##### The data #####

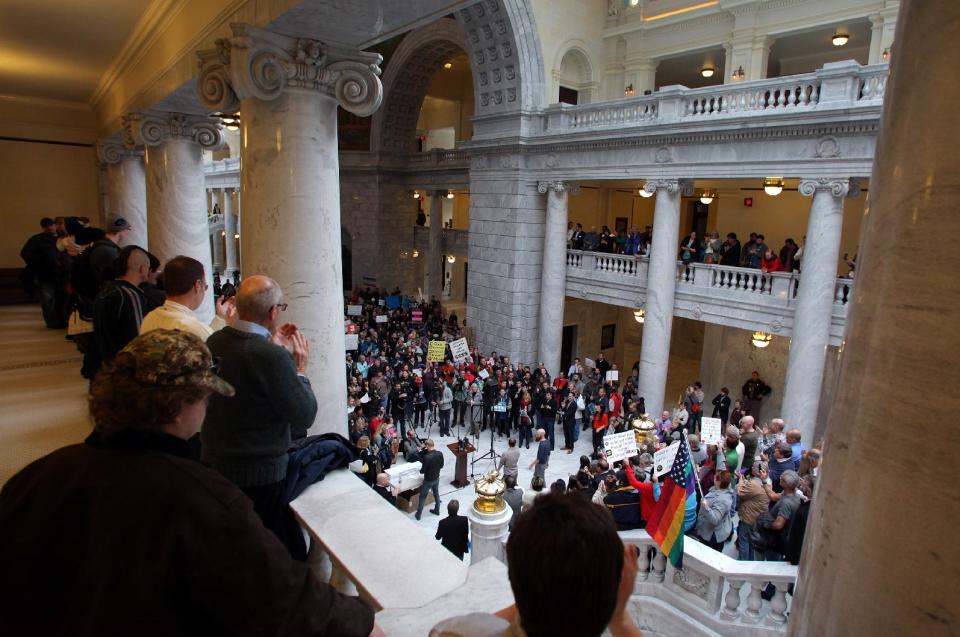 Supporters of gay marriage fill the rotunda as they gather to rally at the Utah State Capitol and deliver over 58,000 petition signatures in support of gay marriage to Utah Governor Gary Herbert January 10, 2014 in Salt Lake City. (Photo/Steve C. Wilson)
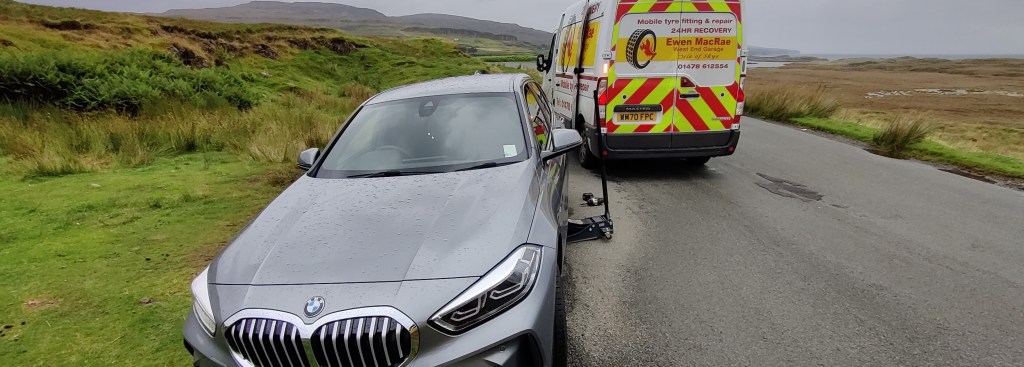Kuvassa tienposkessa seisova harmaa BMW, jonka alla seisoo musta tunkki. Takana on punakeltainen hälytysajoneuvo, jonka takaikkunassa on renkaan kuva. Taustalla näkyy numminen maisema.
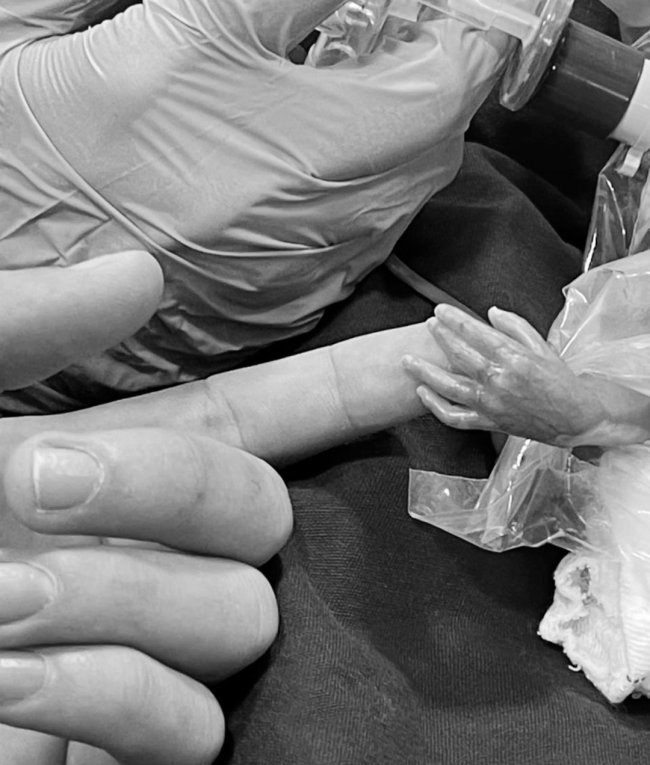 Foto em preto e branco de Whindersson Nunes; só aparece o dedo do humorista, que encosta na mão do filho prematuro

#####

Task objective → Transcribe all data precisely. Pictures are not copied.

Your response →
 Supporters of gay marriage fill the rotunda as they gather to rally at the Utah State Capitol and deliver over 58,000 petition signatures in support of gay marriage to Utah Governor Gary Herbert January 10, 2014 in Salt Lake City. (Photo/Steve C. Wilson)
Kuvassa tienposkessa seisova harmaa BMW, jonka alla seisoo musta tunkki. Takana on punakeltainen hälytysajoneuvo, jonka takaikkunassa on renkaan kuva. Taustalla näkyy numminen maisema.
 Foto em preto e branco de Whindersson Nunes; só aparece o dedo do humorista, que encosta na mão do filho prematuro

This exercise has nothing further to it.